— Your instructions —
Your copy starts at the line containing "JCC0013 Argia tonto.JPG" and ends at the last line below. Copy exactly, without pictures.

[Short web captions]
+ + + +

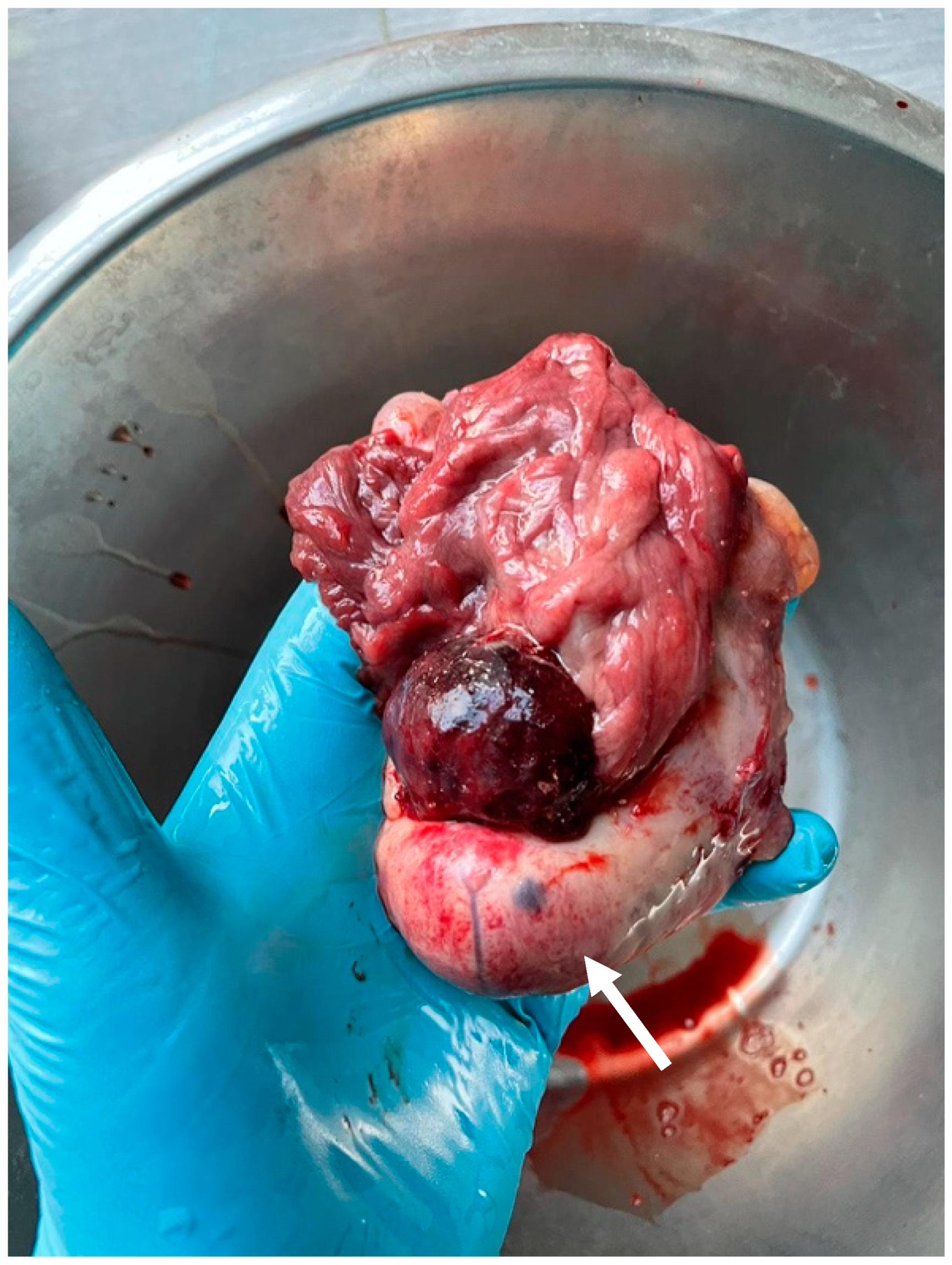 Animals 14 01307 g005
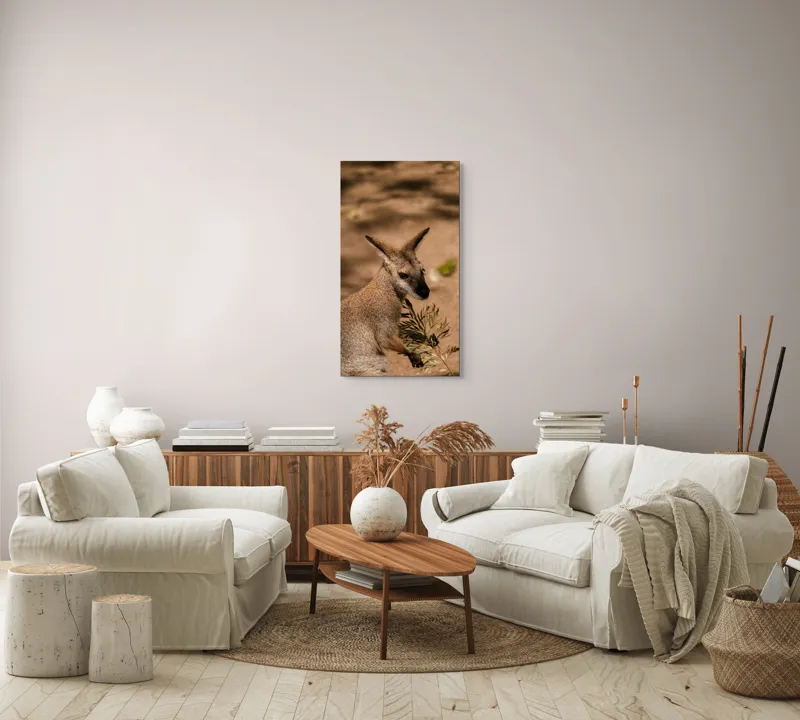 Tablou Canvas, Cangur, Frunze, Pământ, Urechi, Ochi, Blană, Soare, Umbră, 50 x 90 cm – poza 7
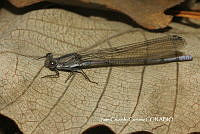 JCC0013 Argia tonto.JPG
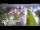Webcam in Glenfield, 8.6 km entfernt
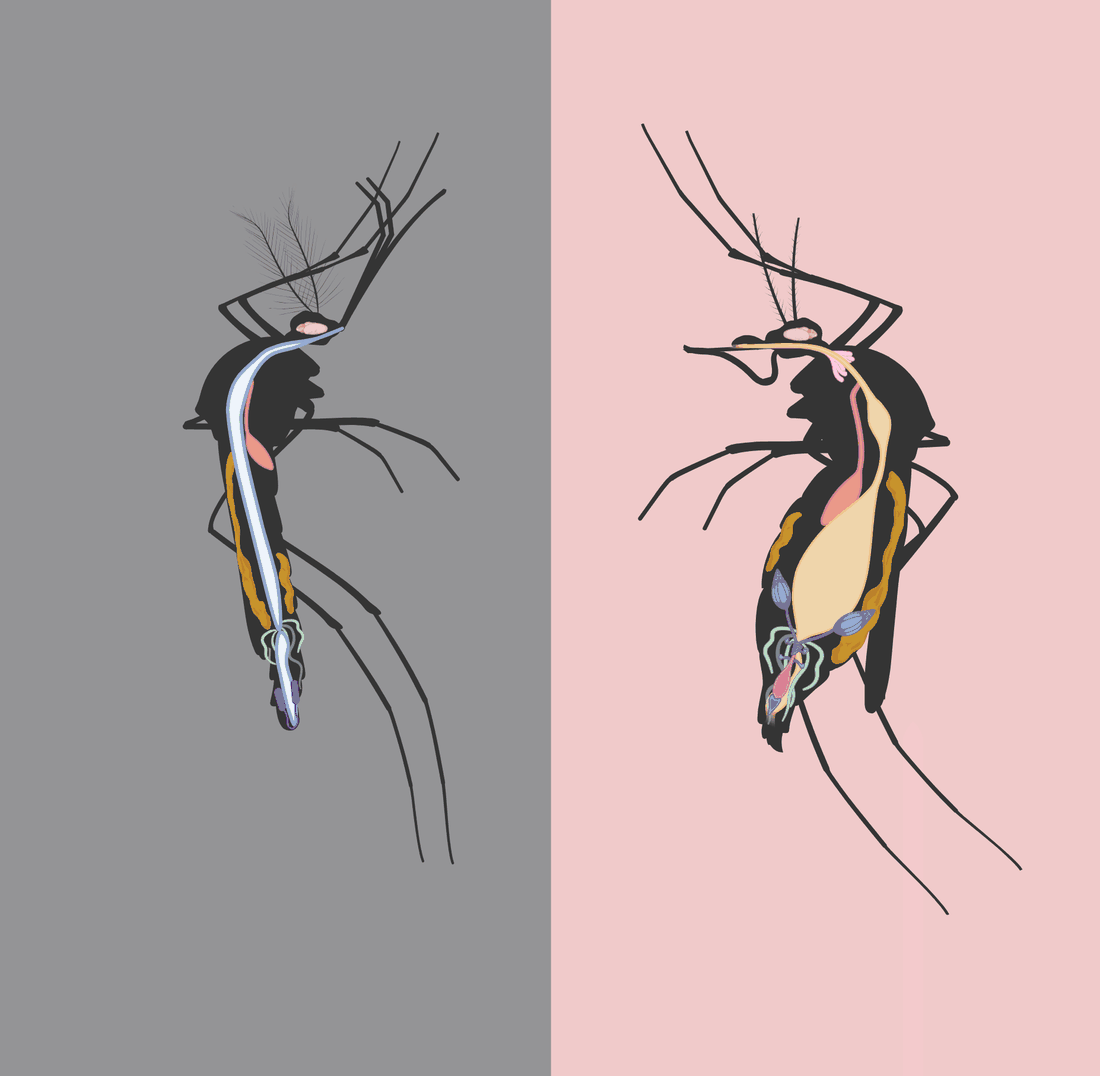 Side-by-side cutaway illustration of a male and a female mosquito showing internal organs, with the female's larger midgut and ovaries.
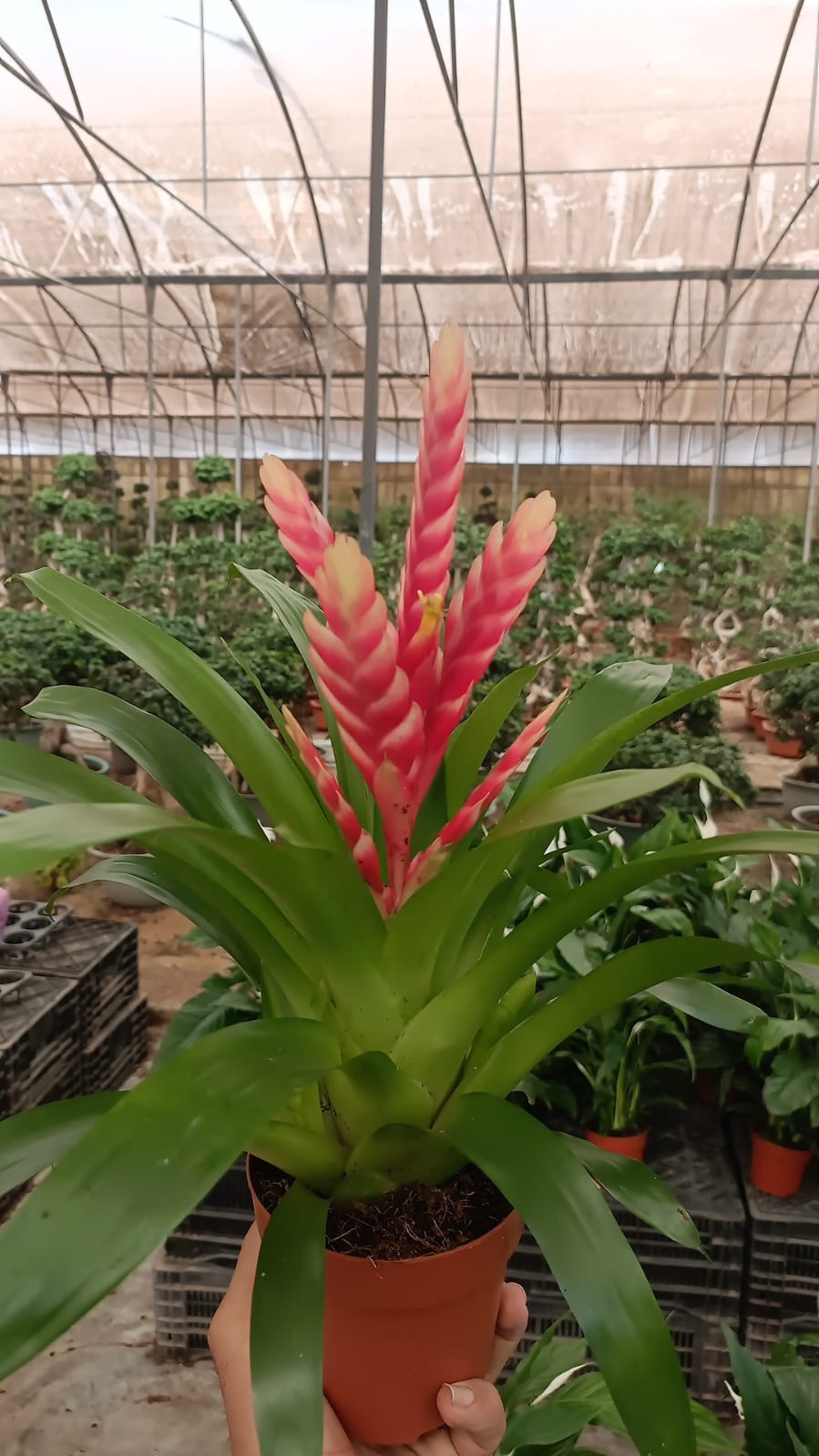 Vriesea Carinata - Image 3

+ + + +

— Exercise result —
 JCC0013 Argia tonto.JPG
Webcam in Glenfield, 8.6 km entfernt
 Side-by-side cutaway illustration of a male and a female mosquito showing internal organs, with the female's larger midgut and ovaries.
 Vriesea Carinata - Image 3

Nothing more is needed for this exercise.